Using XState as a model checker

[ezhikov]

Will not be giving code, since it's in very early and unfinished state (pun intended) with lots of parts that need some polish.

Since I made myself more or less familiar with statecharts I started to wonder if there is a method to identify if my statechart is, indeed, correct. It's easy to overlook some details or make some assumptions that will fail in a long run. After some search I found that there is indeed some solutions, but most of them either produce C++/C#/Java code, or don't translate into code at all. There is also some methods that are not tied to some language, but they require almost double amount of setup to work (e.g. creating another statechart to verify the main one).

During my search I found a paper that describe statechart verification with state invariants and it clicked that we already have a library for that. Here is what my early experiments yielded.

As a test case I took file uploader UI component that we are making. In natural language it have these requirements:

• All files uploaded one by one to specific API route
• If app accepts more than one file, user can add multiple files at once
• There is a limit of files that can be uploaded per control
• Files can be limited by maximum size and format (by extension)
• User can delete file at any time

My first urge was to properly assemble component with mocked UI, but, in fact it was not needed and it would be way more than it is needed to check assumptions. We don't need actual context, and machine options to check if we have our model right, but we can substitute it with something simpler. For example, for model we don't need filenames, or, actually, any info about added files, apart from their state, so list of files was presented in simplest possible form: {state: 'loading' | 'error' | 'complete'}[]. Same simplifications were made for other parts, like machine options.

One thing that is worth to mention is that we still checking not the model universally, but model with some values set. It is important, because if we set maximum files amount 10 we will get huge amount of tests that will produce same result as if there would be maximum files amount set to 3, and in my case with 3 files and "user" adding 1, 2, 3 or 4 files it was already more than 800 tests.

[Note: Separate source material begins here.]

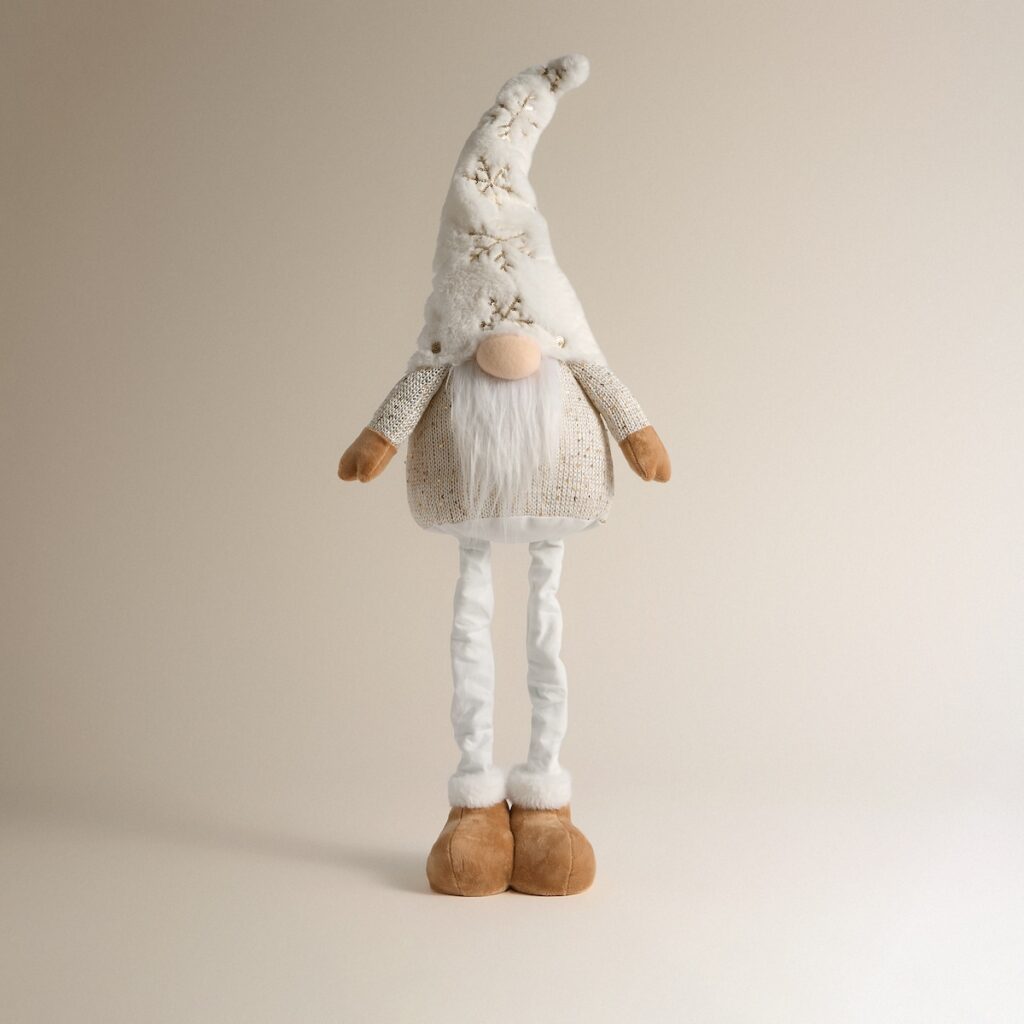 Figura decorativa de gnomo de invierno beige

During this experiment I found that my initial idea was wrong and I had to made some changes in guards. My model will also hold for any requirements changes and, in fact, can be detailed and turned in actual working code. Adding details and replacing state invariants with tests that check UI with puppeteer or cypress will give us working and fully tested component and it is awesome, but not always will be the case. There is many ways to present some logic in form of statechart and I found that sometimes parallel states work great for understanding logic, but not so great for actually implementing it. In this case our model can serve as an alternative representation with test cases as additional documentation. Say, we have parallel state A and B and we don't want to A.A be active at the same time as B.A. It can be modelled and verified, but in actual code it will probably be some case of nested states.

But there is still parts that don't work as I expect. First is "Maximum call stack exceeded" when generating test plans. I haven't figured it out how to properly set state as visited in different cases with filter. Another one is lack of some kind of UI to set model parameters (e.g. maximum files limit in my example). Another thing is that if I fill meta.description with requirements for state, in test output it will replace reached state with said description. It would also be nice if we could provide some description to events, apart from their names and types.

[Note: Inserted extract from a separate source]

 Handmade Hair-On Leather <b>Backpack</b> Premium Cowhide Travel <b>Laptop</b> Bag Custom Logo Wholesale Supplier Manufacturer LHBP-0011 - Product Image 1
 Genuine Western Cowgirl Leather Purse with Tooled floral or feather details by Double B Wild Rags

Don't know how to conclude it, so, I'd like to know what do you think about all this?

[davidkpiano]

This is giving me a lot of food for thought for improving @xstate/test, I'll have to think more about this!

[Andarist]

This is the OSS content I'm here for! Great train thought - I would love to see your experiments in code.

[ezhikov]

I'll try to publish some results on github this weekend, but no promises yet

[tomByrer]

"Maximum call stack exceeded"

There was a situation in one of my machines where I changed a (parallel) machine into a flag in context. I used guards to check against that flag. Maybe you can track the number of calls in context?

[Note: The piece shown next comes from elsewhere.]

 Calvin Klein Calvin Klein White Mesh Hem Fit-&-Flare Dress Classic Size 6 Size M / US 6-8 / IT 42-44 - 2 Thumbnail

I haven't figured it out how to properly set state as visited in different cases with filter

I would first try to save a 'persisted state' as a snapshot or temp file, then use that to 'replay' the machine from that position.
Advanced trick if you know how that object works: hand-edit that file for new states or cases...

[ezhikov]

Was digging into theme of model checkers in general and found out that exceeding memory limits is one of yet unsolved problems which often require either changing model, or specific solution regarding specific model checker. While "maximum call stack exceeded", probably not a problem with memory, I have feeling that after solving this one, I'll get new problem. Will tinker with xstate/test on weekend and find what can be done. Probably, filtering states based on "target + event" would be easier from that side also.